Select Page

Every analyst on—and many off (including yours truly)—Wall Street is trying to put numbers to the results of the Euro Zone’s bank stress test.

In recent days we’ve moved from opinions on which country’s banks will be hit hardest (See my post of yesterday, July 8, Naming names: now we know which 91 European banks will face the none-too-challenging stress test ) to guesses on which banks will pass and which will fail to estimates of how much extra Tier One capital each tested bank will have to raise.

Banks that have to raise a lot of capital but that are shut out of the financial markets right now will require some kind of government rescue. Euro Zone governments have pledged to ride to the rescue but there’s no mechanism yet actually in place for any rescue that’s needed.

All these projections are built on much guess work right now since the terms of the stress test and the Tier One capital requirement that banks will have to meet haven’t been officially disclosed.

One of the best bits of guess work that I’ve seen to date comes out of Credit Suisse. Analysts there project that all the name banks in France and Spain, and almost all the name banks in Germany (Deutsche Postbank will have to raise about $1.8 billion in new capital) will pass the test and won’t need to raise additional capital.

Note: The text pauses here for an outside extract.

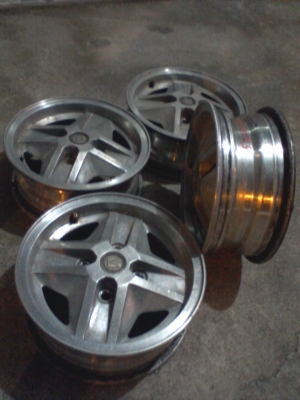 ล้อยี่ห้อ mitsubishi ลายบวกใหญ่ ล้อสวยหนา เดิม ล้อยี่ห้อ mitsubishi ลายบวกใหญ่ ล้อสวยหนา เดิม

The failures will be concentrated among Greek banks (no surprise) and the regional Landesbanks of Germany and the Caja sector in Spain. (No surprise there either.)

Credit Suisse projects that the Landesbanks will need to raise almost $40 billion in new capital and Spain’s cajas will need to raise $15 billion in capital in the short-term and $75 billion in the long-term.

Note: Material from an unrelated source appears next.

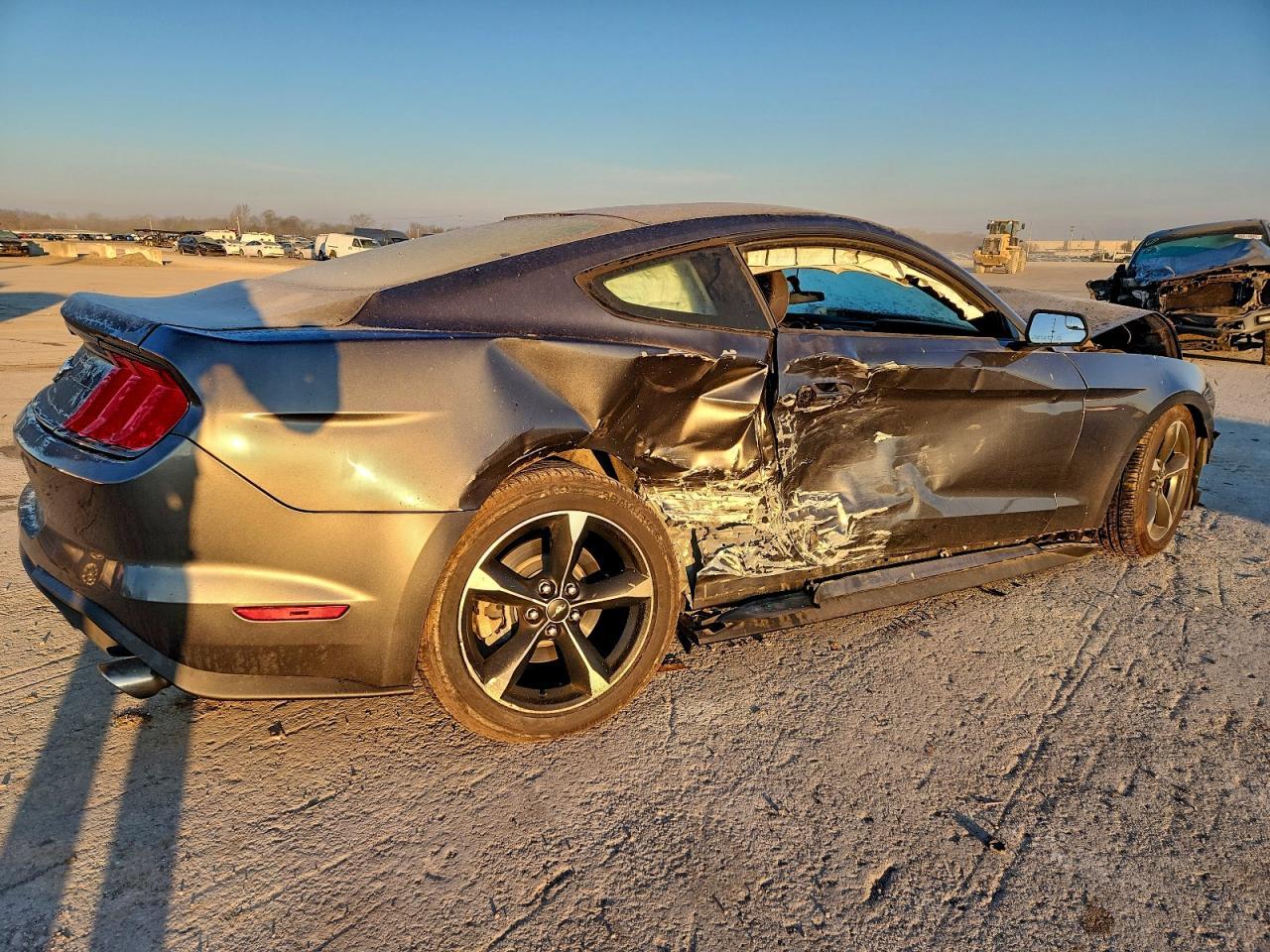 2018 Ford Mustang - Фото 3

Those sums are big enough to present a new challenge to the European financial system.

Germany’s government bank rescue fund has a little over $60 billion available. Spain’s equivalent fund has just $15 billion available.

I’d expect that very quickly after the results of the stress tests are announced on July 23 the financial markets will start worrying about how the Euro Zone will fill any capital gaps.